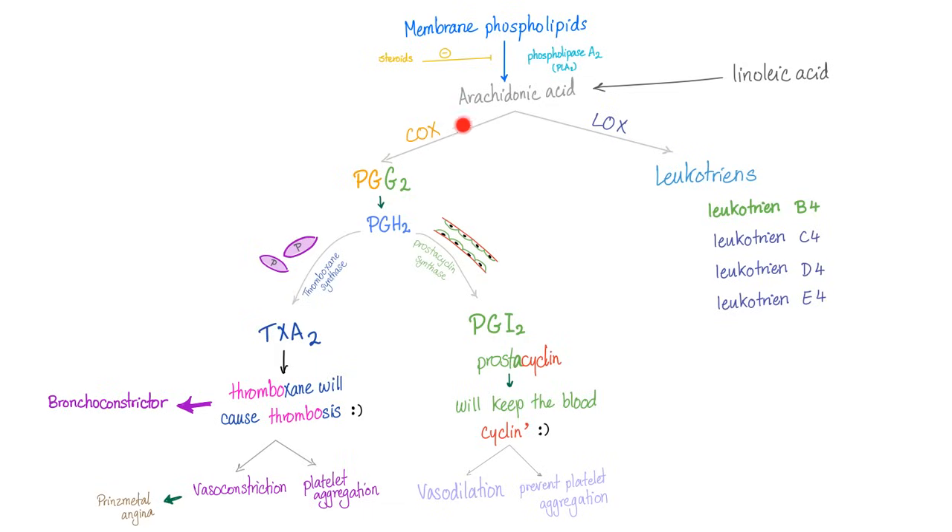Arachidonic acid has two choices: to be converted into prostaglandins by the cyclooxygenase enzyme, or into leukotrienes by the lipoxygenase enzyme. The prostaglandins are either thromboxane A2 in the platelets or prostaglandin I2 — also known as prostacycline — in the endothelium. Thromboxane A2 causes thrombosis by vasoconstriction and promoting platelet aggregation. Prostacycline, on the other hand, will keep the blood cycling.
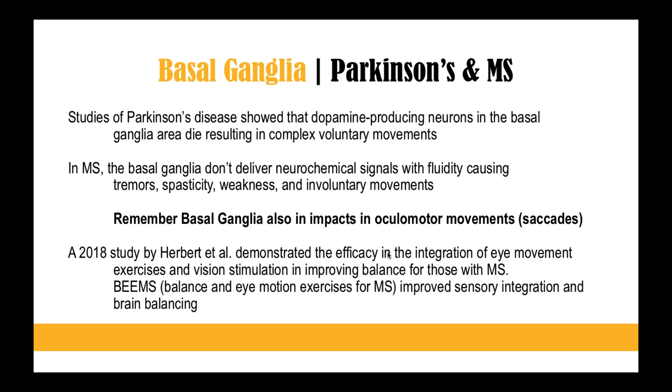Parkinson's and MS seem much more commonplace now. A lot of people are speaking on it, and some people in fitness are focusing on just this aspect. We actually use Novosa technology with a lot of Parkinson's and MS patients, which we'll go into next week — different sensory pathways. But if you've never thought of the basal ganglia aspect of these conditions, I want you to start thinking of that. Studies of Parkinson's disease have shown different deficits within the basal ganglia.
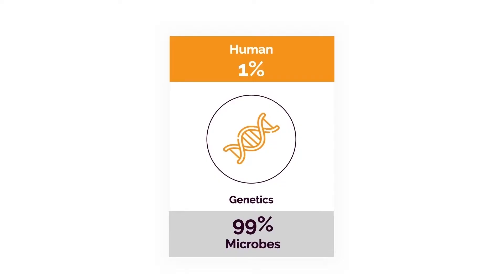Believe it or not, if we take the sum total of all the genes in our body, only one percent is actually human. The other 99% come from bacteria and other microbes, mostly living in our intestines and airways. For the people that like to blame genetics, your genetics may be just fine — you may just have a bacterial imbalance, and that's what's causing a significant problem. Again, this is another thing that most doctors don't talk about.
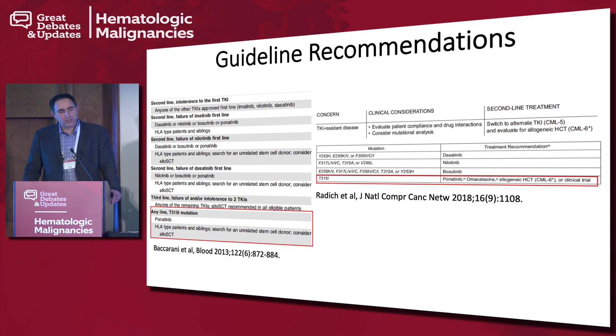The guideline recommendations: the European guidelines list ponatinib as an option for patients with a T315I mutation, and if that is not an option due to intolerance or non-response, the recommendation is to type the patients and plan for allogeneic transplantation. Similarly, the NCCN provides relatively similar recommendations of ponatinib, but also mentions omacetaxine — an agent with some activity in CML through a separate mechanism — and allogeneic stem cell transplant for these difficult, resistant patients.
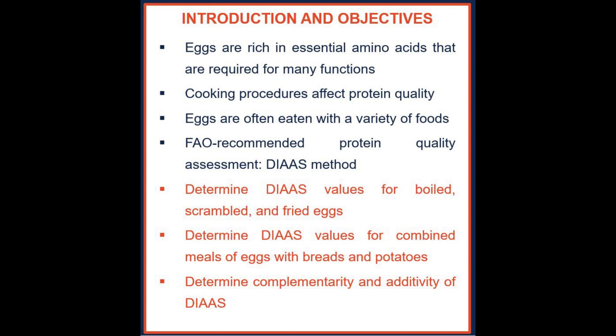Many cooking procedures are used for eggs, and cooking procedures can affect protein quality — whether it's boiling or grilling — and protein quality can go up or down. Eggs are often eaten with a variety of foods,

### Problem to work on
Nothing but the lines from the one holding "The guideline recommendations: the" through the final line of the entries should be retyped, exactly as they stand and without pictures.

### Reply
The guideline recommendations: the European guidelines list ponatinib as an option for patients with a T315I mutation, and if that is not an option due to intolerance or non-response, the recommendation is to type the patients and plan for allogeneic transplantation. Similarly, the NCCN provides relatively similar recommendations of ponatinib, but also mentions omacetaxine — an agent with some activity in CML through a separate mechanism — and allogeneic stem cell transplant for these difficult, resistant patients.
Many cooking procedures are used for eggs, and cooking procedures can affect protein quality — whether it's boiling or grilling — and protein quality can go up or down. Eggs are often eaten with a variety of foods,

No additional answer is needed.